> [Problem requirements] Print exactly the lines below between the line holding "日産 ノート １．２ Ｅ－ＰＯＷＥＲ ＮＩＳＭＯ Ｓ R2年 (四国) 99" and the line holding "Parzival af Rogelio de Egusquiza", inclusive, and nothing more.

Content starts

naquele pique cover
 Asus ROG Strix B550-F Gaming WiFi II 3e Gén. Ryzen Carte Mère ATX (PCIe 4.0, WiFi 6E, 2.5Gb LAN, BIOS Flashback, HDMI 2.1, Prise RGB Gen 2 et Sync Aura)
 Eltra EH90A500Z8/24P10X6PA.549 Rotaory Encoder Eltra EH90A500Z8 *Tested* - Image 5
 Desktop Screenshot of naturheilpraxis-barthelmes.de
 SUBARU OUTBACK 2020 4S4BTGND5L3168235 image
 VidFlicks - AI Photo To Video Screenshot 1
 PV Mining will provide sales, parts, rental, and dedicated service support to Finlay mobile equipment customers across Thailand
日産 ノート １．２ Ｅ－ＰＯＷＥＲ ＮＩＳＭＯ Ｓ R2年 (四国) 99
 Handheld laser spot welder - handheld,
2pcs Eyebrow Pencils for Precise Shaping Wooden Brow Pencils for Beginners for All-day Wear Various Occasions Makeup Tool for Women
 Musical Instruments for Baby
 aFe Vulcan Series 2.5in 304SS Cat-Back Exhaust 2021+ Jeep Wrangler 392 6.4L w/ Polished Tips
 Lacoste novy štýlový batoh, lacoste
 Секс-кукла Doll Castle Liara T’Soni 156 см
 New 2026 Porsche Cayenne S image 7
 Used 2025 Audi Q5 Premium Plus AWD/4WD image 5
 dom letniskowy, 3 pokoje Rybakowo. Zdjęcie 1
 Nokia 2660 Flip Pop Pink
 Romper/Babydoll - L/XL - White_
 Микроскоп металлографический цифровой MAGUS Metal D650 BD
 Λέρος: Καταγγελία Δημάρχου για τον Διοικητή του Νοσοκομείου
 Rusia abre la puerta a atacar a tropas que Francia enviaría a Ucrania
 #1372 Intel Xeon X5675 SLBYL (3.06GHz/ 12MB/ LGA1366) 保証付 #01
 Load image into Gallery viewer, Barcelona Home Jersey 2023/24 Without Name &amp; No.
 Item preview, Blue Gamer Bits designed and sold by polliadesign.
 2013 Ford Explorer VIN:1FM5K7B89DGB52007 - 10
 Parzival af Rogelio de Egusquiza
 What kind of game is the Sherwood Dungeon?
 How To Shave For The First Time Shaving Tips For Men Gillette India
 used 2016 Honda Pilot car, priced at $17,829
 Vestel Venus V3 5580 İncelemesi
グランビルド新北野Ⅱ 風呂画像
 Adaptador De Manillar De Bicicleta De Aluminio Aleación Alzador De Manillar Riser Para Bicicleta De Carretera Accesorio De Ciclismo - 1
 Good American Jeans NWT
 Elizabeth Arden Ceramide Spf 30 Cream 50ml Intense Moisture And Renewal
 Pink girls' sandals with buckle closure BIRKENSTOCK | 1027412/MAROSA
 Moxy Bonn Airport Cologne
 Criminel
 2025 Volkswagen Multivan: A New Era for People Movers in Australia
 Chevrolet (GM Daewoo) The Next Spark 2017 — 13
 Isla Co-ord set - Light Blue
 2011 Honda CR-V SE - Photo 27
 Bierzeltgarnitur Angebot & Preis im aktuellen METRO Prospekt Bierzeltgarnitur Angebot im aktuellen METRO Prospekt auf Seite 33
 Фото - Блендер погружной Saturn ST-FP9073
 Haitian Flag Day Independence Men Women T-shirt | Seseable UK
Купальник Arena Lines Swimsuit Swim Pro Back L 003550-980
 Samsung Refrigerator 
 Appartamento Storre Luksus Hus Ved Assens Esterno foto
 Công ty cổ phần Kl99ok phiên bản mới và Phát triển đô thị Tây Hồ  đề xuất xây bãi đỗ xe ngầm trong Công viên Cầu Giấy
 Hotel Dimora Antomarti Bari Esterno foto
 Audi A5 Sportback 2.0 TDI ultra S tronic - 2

Content ends

> [Solved problem]
日産 ノート １．２ Ｅ－ＰＯＷＥＲ ＮＩＳＭＯ Ｓ R2年 (四国) 99
 Handheld laser spot welder - handheld,
2pcs Eyebrow Pencils for Precise Shaping Wooden Brow Pencils for Beginners for All-day Wear Various Occasions Makeup Tool for Women
 Musical Instruments for Baby
 aFe Vulcan Series 2.5in 304SS Cat-Back Exhaust 2021+ Jeep Wrangler 392 6.4L w/ Polished Tips
 Lacoste novy štýlový batoh, lacoste
 Секс-кукла Doll Castle Liara T’Soni 156 см
 New 2026 Porsche Cayenne S image 7
 Used 2025 Audi Q5 Premium Plus AWD/4WD image 5
 dom letniskowy, 3 pokoje Rybakowo. Zdjęcie 1
 Nokia 2660 Flip Pop Pink
 Romper/Babydoll - L/XL - White_
 Микроскоп металлографический цифровой MAGUS Metal D650 BD
 Λέρος: Καταγγελία Δημάρχου για τον Διοικητή του Νοσοκομείου
 Rusia abre la puerta a atacar a tropas que Francia enviaría a Ucrania
 #1372 Intel Xeon X5675 SLBYL (3.06GHz/ 12MB/ LGA1366) 保証付 #01
 Load image into Gallery viewer, Barcelona Home Jersey 2023/24 Without Name &amp; No.
 Item preview, Blue Gamer Bits designed and sold by polliadesign.
 2013 Ford Explorer VIN:1FM5K7B89DGB52007 - 10
 Parzival af Rogelio de Egusquiza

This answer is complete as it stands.